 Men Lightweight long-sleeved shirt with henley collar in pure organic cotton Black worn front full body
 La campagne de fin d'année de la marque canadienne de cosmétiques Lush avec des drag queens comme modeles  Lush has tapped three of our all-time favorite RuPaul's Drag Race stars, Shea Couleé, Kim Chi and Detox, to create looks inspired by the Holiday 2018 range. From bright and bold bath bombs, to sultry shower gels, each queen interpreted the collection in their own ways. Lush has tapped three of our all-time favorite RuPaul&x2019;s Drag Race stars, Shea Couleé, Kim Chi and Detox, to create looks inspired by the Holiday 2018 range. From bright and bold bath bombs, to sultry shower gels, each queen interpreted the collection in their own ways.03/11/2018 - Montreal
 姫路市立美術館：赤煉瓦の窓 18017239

* * *

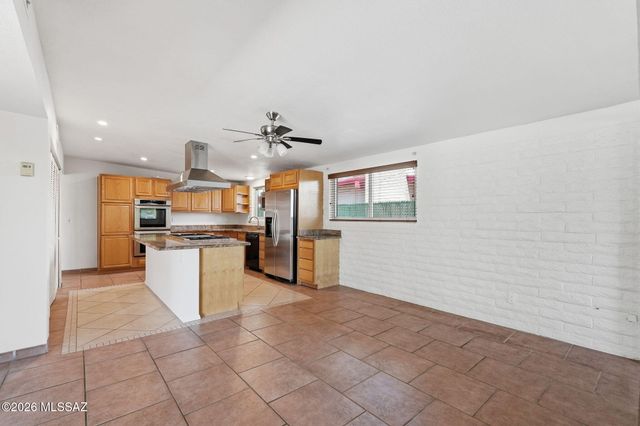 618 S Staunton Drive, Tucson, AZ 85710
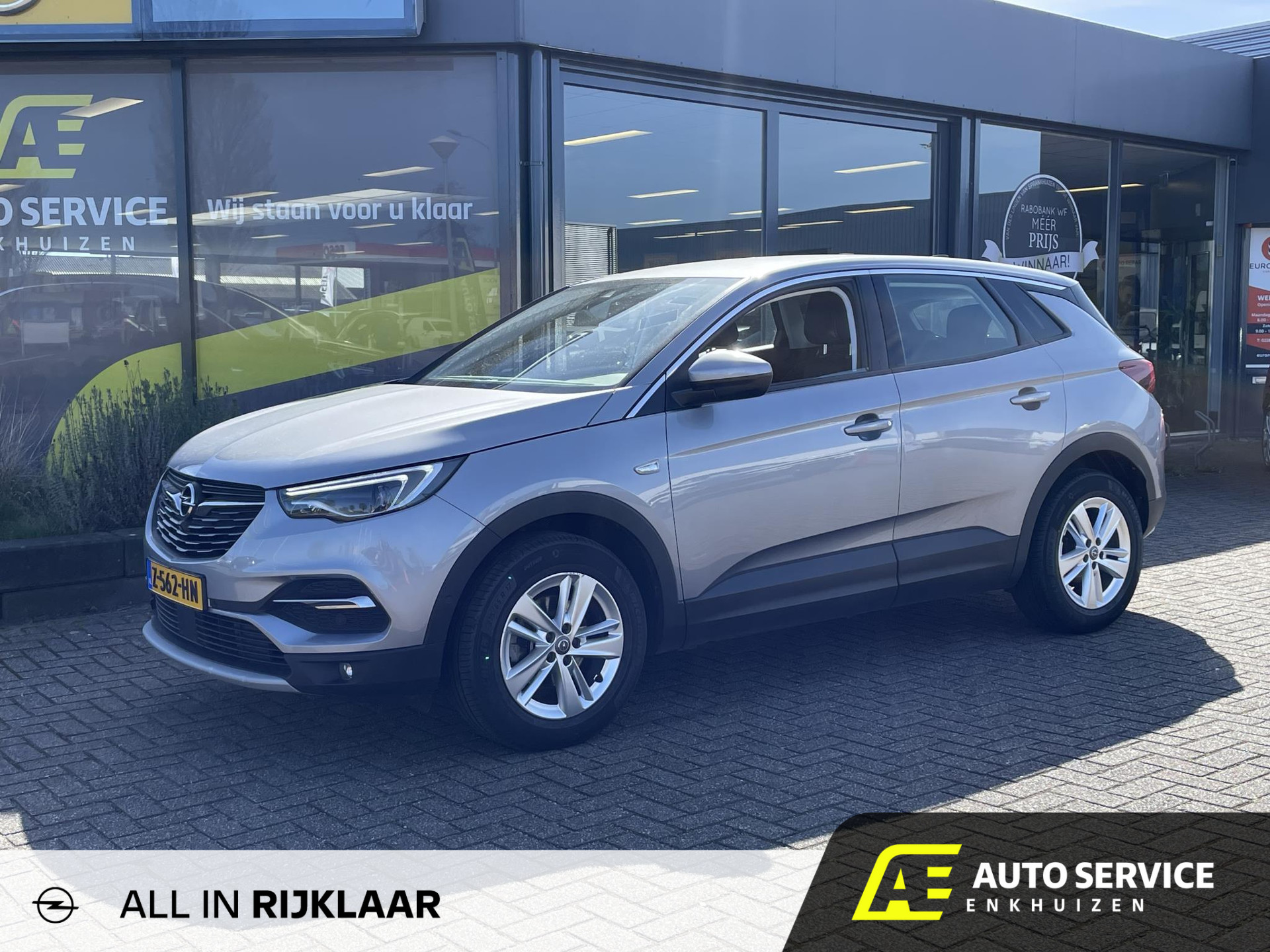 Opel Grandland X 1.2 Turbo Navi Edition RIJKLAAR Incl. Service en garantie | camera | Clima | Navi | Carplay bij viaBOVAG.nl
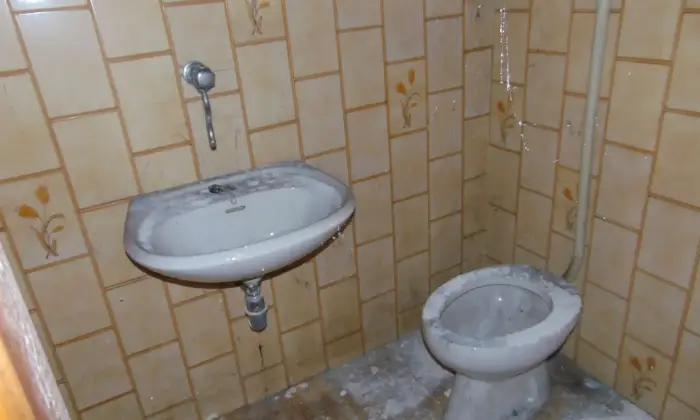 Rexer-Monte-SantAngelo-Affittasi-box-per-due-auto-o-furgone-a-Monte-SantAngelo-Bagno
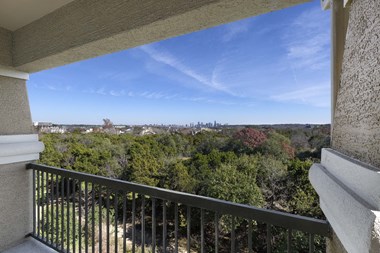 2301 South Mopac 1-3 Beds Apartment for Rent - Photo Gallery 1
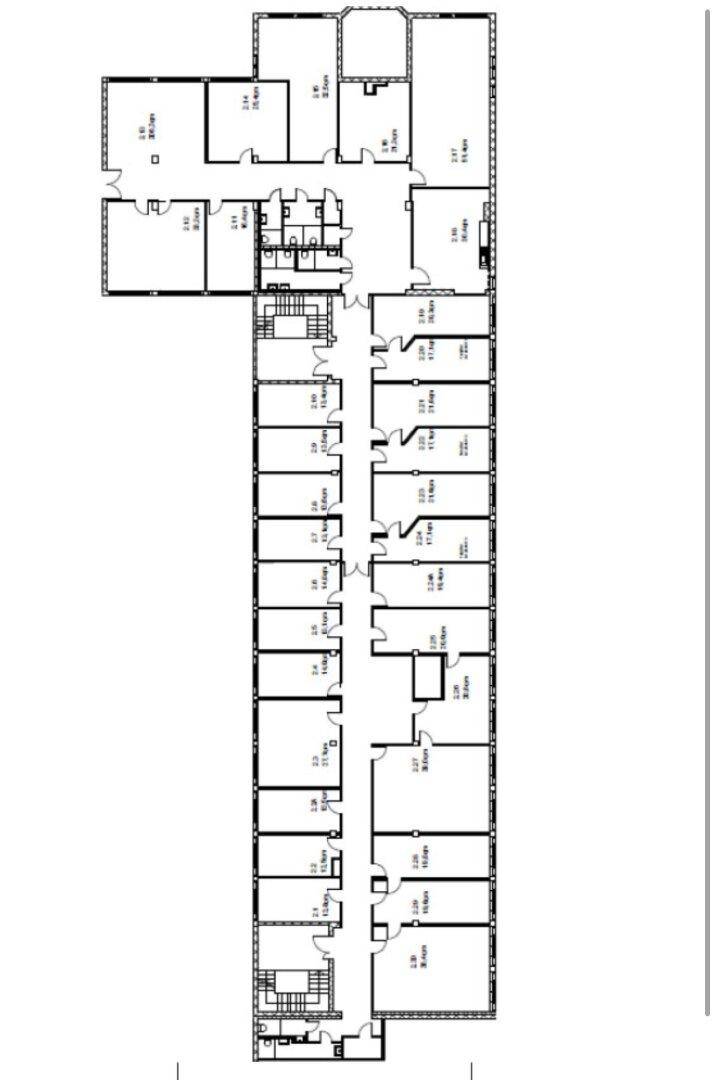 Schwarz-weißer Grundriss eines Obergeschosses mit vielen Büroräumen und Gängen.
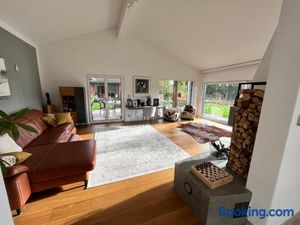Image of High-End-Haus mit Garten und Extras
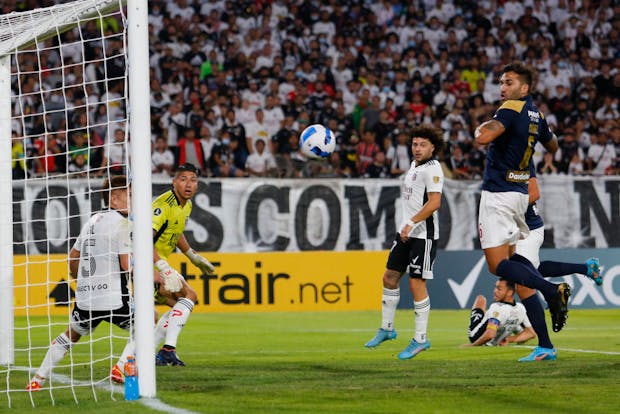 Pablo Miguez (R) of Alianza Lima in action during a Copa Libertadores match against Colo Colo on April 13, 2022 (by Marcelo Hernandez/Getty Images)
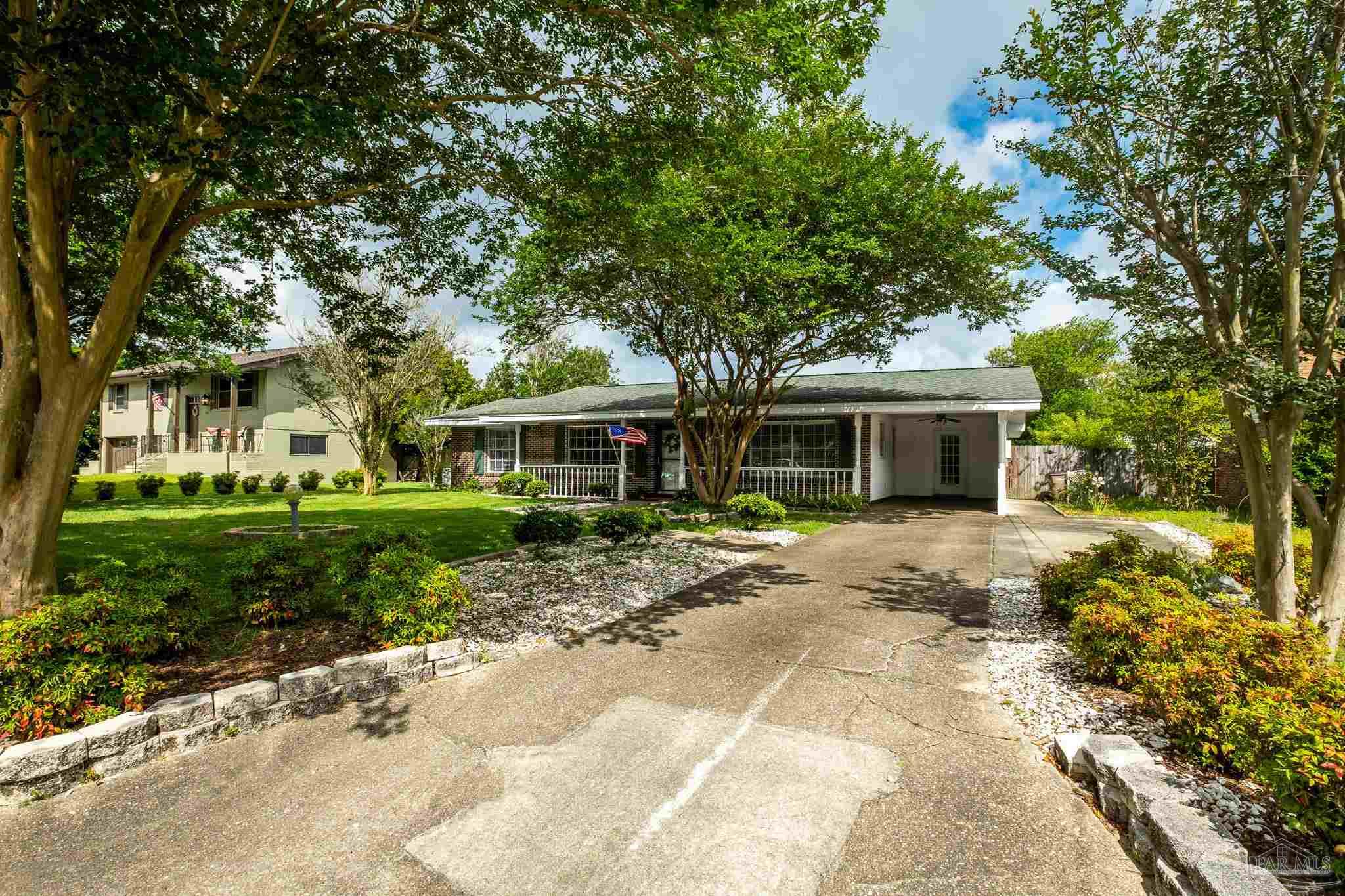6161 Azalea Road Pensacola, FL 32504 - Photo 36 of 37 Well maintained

--

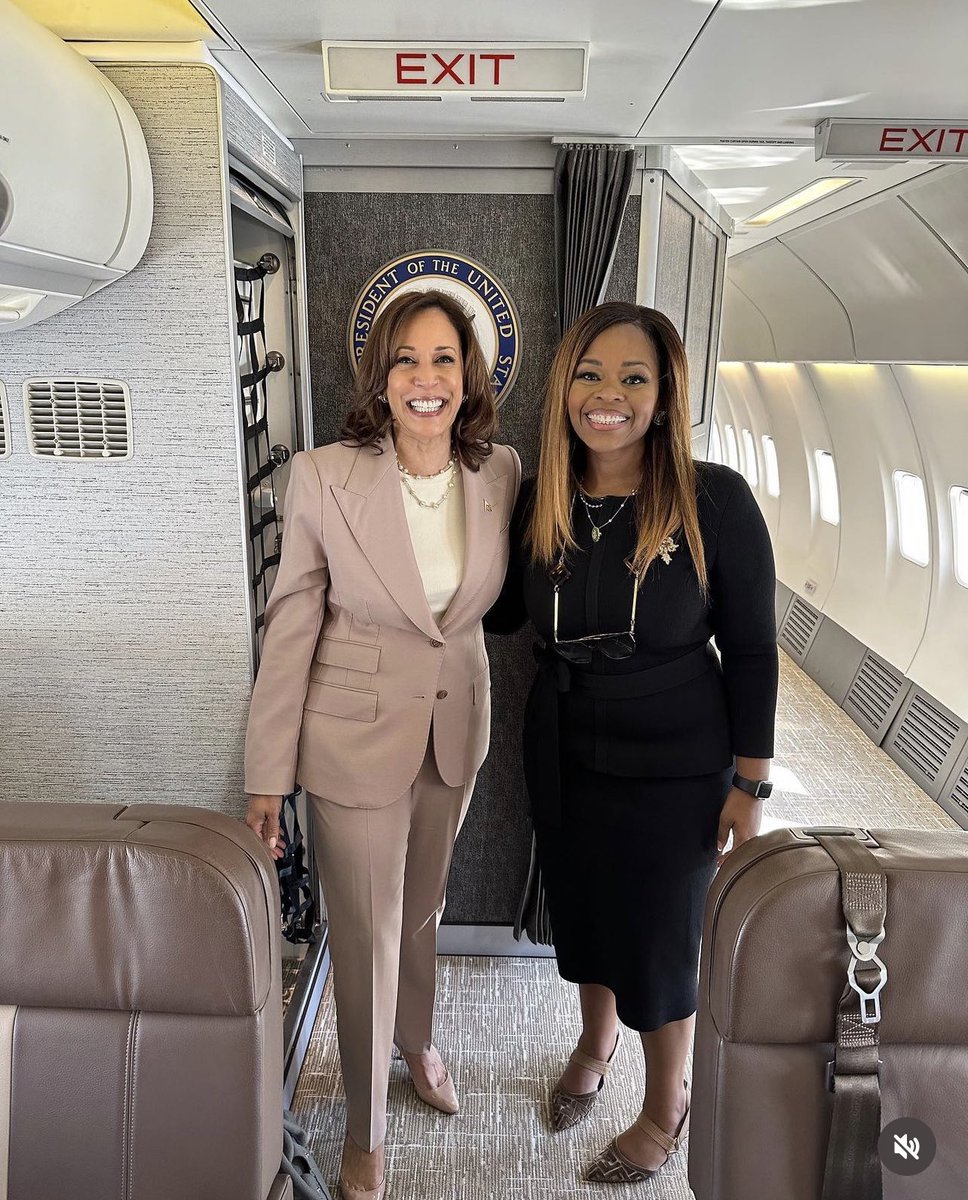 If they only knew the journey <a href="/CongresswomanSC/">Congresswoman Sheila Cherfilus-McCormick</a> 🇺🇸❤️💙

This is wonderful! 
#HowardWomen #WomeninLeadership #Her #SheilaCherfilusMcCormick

* What to do *
Take the listing above and repeat exactly the lines from the one containing "This is wonderful!" through the one containing "#HowardWomen #WomeninLeadership #Her", both included.

* Written response *
This is wonderful! 
#HowardWomen #WomeninLeadership #Her #SheilaCherfilusMcCormick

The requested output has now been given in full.